▶ Directions:
The result should be a faithful copy of every entry below, with the pictures left out.

▶ Dataset:
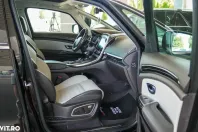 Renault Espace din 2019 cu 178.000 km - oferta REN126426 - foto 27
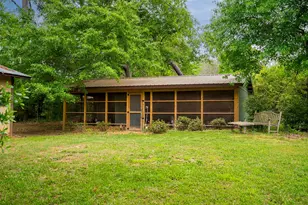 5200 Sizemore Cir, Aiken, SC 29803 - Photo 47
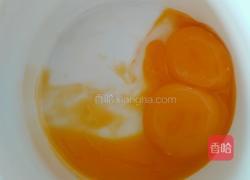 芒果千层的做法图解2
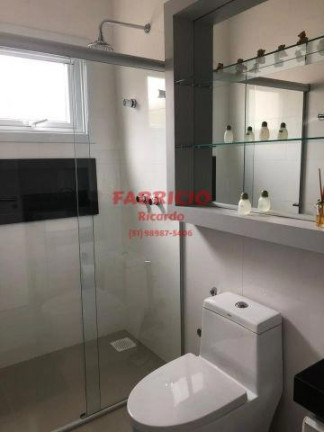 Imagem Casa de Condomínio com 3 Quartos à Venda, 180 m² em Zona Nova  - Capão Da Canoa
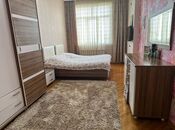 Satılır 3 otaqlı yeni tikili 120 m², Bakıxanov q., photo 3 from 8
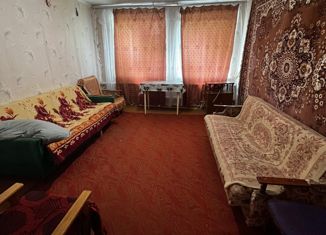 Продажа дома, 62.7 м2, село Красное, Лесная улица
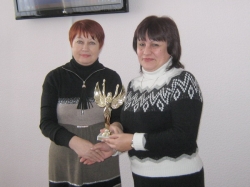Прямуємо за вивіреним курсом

▶ Output of the task:
 Renault Espace din 2019 cu 178.000 km - oferta REN126426 - foto 27
 5200 Sizemore Cir, Aiken, SC 29803 - Photo 47
 芒果千层的做法图解2
 Imagem Casa de Condomínio com 3 Quartos à Venda, 180 m² em Zona Nova  - Capão Da Canoa
 Satılır 3 otaqlı yeni tikili 120 m², Bakıxanov q., photo 3 from 8
 Продажа дома, 62.7 м2, село Красное, Лесная улица
Прямуємо за вивіреним курсом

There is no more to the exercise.